Effects of insulin on BMP content and FA composition. Mice were fasted overnight and given an intraperitoneal injection of vehicle (saline) or insulin (0.5 IU/kg), and tissues were collected after 2 h. A: Western blot analysis of phospho-AKT (pAKT, Ser437) and AKT (pan) as loading controls in tissue lysates and respective quantification upon (B) refeeding and (D) insulin treatment. C: Relative changes in total BMP content of tissues from refed mice (calculated from the data shown in Fig. 1) and (D) insulin-treated mice. Data are presented as means ± SDs.
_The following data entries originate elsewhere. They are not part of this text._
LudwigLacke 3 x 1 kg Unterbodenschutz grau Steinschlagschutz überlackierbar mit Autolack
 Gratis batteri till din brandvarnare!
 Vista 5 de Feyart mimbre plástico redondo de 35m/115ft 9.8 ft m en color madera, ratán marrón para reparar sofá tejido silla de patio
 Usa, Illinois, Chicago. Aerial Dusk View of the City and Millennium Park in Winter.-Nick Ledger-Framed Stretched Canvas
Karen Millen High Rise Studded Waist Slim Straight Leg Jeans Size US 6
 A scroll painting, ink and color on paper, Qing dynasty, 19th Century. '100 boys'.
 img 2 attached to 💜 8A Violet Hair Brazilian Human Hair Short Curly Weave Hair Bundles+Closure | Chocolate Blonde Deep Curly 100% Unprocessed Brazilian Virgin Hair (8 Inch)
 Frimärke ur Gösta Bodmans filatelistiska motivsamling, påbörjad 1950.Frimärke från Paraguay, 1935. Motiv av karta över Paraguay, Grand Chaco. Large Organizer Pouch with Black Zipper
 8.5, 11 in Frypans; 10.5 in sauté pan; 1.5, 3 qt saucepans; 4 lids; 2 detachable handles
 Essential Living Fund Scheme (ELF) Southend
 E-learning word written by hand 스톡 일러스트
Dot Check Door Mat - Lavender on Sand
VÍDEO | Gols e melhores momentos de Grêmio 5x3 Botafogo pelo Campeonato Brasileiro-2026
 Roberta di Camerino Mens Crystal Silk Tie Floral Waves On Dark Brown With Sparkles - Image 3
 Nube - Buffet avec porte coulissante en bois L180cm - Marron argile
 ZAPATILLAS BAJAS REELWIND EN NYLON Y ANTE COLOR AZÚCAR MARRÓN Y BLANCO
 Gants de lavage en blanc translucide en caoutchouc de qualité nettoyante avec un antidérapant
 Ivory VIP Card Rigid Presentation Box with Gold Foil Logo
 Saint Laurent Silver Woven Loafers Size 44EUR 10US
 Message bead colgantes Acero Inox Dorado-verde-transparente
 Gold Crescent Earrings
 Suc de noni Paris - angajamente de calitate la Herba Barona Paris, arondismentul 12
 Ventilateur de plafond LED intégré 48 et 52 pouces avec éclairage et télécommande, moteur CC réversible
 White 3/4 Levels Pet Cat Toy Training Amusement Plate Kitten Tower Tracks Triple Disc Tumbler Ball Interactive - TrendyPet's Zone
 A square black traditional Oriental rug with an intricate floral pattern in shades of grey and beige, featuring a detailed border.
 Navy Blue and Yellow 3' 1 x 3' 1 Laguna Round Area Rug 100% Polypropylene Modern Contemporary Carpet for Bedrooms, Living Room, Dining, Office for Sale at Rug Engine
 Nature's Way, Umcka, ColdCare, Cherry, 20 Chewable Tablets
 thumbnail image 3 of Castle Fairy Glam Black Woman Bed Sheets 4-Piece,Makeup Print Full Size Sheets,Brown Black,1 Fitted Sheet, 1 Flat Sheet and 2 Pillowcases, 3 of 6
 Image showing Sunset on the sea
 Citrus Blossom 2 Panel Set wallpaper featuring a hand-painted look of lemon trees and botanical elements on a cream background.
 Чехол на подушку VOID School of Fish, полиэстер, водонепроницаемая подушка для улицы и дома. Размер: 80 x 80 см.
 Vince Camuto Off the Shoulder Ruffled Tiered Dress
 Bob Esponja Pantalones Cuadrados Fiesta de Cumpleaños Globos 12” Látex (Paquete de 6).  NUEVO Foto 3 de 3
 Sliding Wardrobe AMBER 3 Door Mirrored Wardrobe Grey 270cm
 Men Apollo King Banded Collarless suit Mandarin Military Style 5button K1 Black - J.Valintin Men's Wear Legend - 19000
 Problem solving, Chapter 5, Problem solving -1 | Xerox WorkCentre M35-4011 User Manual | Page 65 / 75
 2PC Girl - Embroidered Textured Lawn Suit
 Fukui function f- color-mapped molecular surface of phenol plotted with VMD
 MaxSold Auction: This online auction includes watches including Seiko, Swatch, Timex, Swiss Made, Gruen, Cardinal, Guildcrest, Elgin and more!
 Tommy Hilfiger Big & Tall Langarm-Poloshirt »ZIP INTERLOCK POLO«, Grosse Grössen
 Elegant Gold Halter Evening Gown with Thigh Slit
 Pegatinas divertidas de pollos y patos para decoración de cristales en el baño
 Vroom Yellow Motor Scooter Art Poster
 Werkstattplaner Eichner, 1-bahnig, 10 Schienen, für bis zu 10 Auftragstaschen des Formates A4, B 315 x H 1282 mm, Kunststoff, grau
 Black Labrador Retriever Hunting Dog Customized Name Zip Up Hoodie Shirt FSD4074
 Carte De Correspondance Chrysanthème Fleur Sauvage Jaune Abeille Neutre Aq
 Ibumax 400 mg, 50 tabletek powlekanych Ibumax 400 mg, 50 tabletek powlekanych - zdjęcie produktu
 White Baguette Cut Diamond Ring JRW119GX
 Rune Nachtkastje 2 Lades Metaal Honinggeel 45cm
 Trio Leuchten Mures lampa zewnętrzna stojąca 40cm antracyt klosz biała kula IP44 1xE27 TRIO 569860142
Statistical significance was evaluated by an unpaired two-tailed Student’s t-test (*P < 0.05, **P < 0.01, and ***P < 0.001; n = 5–8).

Fig. 3.

Distribution and nutritional regulation of BMP in the liver at the suborgan level. A: Expression of the macrophage marker F4/80 in mice treated with Clodrosome® (liposomal clodronate; n = 5) or empty liposomes as a control (n = 5). B: Total hepatic BMP content of Clodrosome-treated and control mice. C: BMP species distribution of Clodrosome-treated and control mice. D: Total hepatic BMP content of fasted, 2 h refed, and ad libitum fed mice (fed) (n = 5). E: Total BMP content of hepatocytes and NPCs isolated from fed and fasted mice (n = 3). F: BMP species distribution of hepatocytes. G: BMP species distribution of NPCs. Data are presented as means ± SDs. Statistical significance was evaluated by an unpaired two-tailed Student’s t-test (*P < 0.05, **P < 0.01, and ***P < 0.001) or ANOVA followed by a Bonferroni post hoc test for multiple comparisons (^#P < 0.05, ^##P < 0.01, and ^###P < 0.001).

Fig. 4.

Nutritional regulation of BMP in the endocrine and exocrine pancreas. Total BMP content of endocrine and exocrine pancreatic cells (A, C) and respective BMP species distribution from fed and fasted mice (B, D) (n = 4). Data are presented as means ± SDs. Statistical significance was evaluated by an unpaired two-tailed Student’s t-test (*P < 0.05, **P < 0.01, and ***P < 0.001).

Fig. 5.

Effect of housing temperatures on BMP levels in BAT. A, B: Total BMP content and BMP species distribution in brown adipocytes and stromavascular cells (SVF) isolated from BAT of mice fed ad libitum at 22°C (n = 4). C, D: Total BMP content and BMP species distribution of BAT from mice housed at 22°C (n = 5), 5°C (n = 5), and 30°C (n = 6). E: Western blot analysis of UCP-1 protein in BAT lysates with quantification using GAPDH as a loading control. F: Correlation between total BMP content and UCP-1 expression in BAT at respective ambient temperatures. Data are presented as means ± SDs. Statistical significance was evaluated by an unpaired two-tailed Student’s t-test (*P < 0.05, **P < 0.01, and ***P < 0.001) or ANOVA followed by a Bonferroni post hoc test for multiple comparisons (^#P < 0.05, ^##P < 0.01, and ^###P < 0.001).